Culture

Maintaining a coherent organisational culture in the gig economy

Organisations are increasingly facing an interesting conundrum. At one hand there is a growing need for cultural cohesion as firms span geographical boundaries, employee demographics, economic and social strata, and on other hand the workforce is increasingly becoming mobile, dispersed, and largely “gig”. The term “gig economy” was coined by the former New Yorker editor Tina Brown, who defined it as “a bunch of free-floating projects, consultancies, and part-time bits and pieces while they transacted in a digital marketplace.” The term has come to stand for freelancers, piece workers, project-based talent, on-demand workers, consultants, and independent contractors who would trade their scarce talent with time and freedom. 
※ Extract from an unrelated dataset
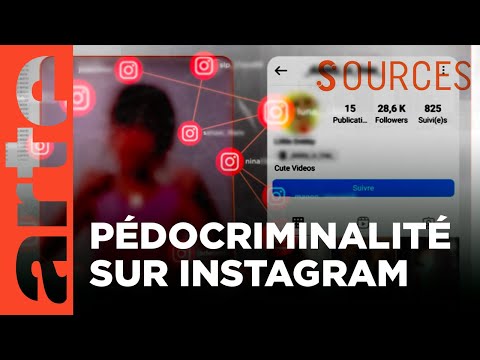 Pédocriminalité, les failles d'Instagram | Sources | ARTE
The growth of creative content in jobs, strain and friction in the traditional job markets, democratization of talent and ideas, and the pervasive Internet has pushed large, well established organisations to look beyond the traditional employee-employer engagements. Part time roles are no longer limited to the lower end of the value chain or for the startups or small enterprises that can’t afford full time talent, rather such engagements have become a necessity to maintain agility in the face of uncertainty. Companies like Nestle, Netflix, Nike, and Porsche, regarded as innovators in their fields, regularly engage temporary technology staff in product development and IT services functions.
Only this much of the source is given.